The reason WiFi is dominating the band is because so many people want it. Nothing could be more democratic and fair.
Re: a Decade?
Fair enough. I'd put their uselessness down to being told to be useless by Brown, Cameron, et. al.
But as you say, it might be built-in.
To be fair
Ofcom is rubbish but probably better than Comreg.
We need a new concept of regulator. A better definition of "good utilisation" of Spectrum, Consumer protection and a long term strategy that is about reliable and interference free USE of the spectrum. Revenue raised from Licences should be irrelevant. Possibly even zero. After all you can have VAT on the services Mobile companies sell. Corporation tax is a can of worms.
There is also MUCH MORE to spectrum management than either WiFi type applications or Mobile Operators. Ofcom have forgotten this.
I read somewhere that ofcom were considering buggering about with the freeview bands in a few years, thus rendering up to 30% of current digiboxes/tvs unable to tune in. If true, what a great way to stimulate tv sales and thus tax for the govt at the expense of the public eh. Currys, dixons et al must be creaming themselves at the prospect.
If they want to obsolete something, how about killing the awful current uk DAB radio system and doing it properly next time.
What's wrong with DAB radio? (Just curious)
"What's wrong with DAB radio? (Just curious)"
It sounds worse than the fm system the govt want to phase out due to a lot of stations saving money (space on a DAB mux is a lot more expensive than fm) by using dreadful bitrates and sometimes mono only. It has really bad coverage countrywide and doesnt work very well in moving vehicles. It also degrades horribly in bad reception areas compared to fm, with fm you get a bit of hiss, with DAB you get a horrible mix of pops and clicks that make the audio painful to listen to. The recievers eat up power and cost 3 times as much to buy. The mp2 standard it uses is old tech and used only in the uk, everyone else uses DAB+ which is much better in both sound quality and reception.
What's wrong with DAB (continued)
And for the road warriors out there, DAB appears to have no capability for RDS-style traffic updates. For those unfamiliar, an FM-RDS radio with Traffic Programme capability can automagically switch from the station you are listening to, to the local station's traffic bulletin, and back again, without user intervention. As a former 15K miles/year driver, I don't want a car radio that doesn't do that.

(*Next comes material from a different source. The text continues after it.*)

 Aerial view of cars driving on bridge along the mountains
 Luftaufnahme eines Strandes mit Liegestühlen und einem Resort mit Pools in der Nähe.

DAB is doomed to failure.in the UK.
Re: What's wrong with DAB (continued)
DAB is great, when you can get it... but in reality, it never works right, the quality is bad, and in the end I use my mobile to stream radio when at home and end up using FM in the car, even though my car has a DAB radio.. I am only 15 miles from the radio station I listen to, yet it pops and stutters until i get to around 7 miles out when I use DAB!
I have no idea whether my car radio can handle DAB+, I just hope they future proofed it (considering how much I paid for the car they had better have!)
450mhz is certainly suitable for LTE. This band was used years ago for NMT analog phone standard... those companies who held on to licenses (especially in eastern europe) basically laughed all the way to the bank as they found CDMA and EVDO ran just fine in the 450mhz band.
They found GSM unsuitable because a) It was already technologically obsolete and b) the 22km distance limit is a big problem at 450mhz where a site can otherwise go much much farther.
They found UMTS unsuitable because a) early on when Qualcomm pushed CDMA+EVDO, UMTS was not even in commercial deployment yet. b) The allocations were weird, although the full NMT band is 450-470mhz, the carriers would get weird allocations... they might have 10 or 15mhz, but not necessarily contiguous, so some found they could not run even a single 2x5mhz UMTS channel, whereas 2x1.25mhz CDMA and 2x1.25mhz EVDO channels fit better. LTE supports 2x1.4mhz for similar situations.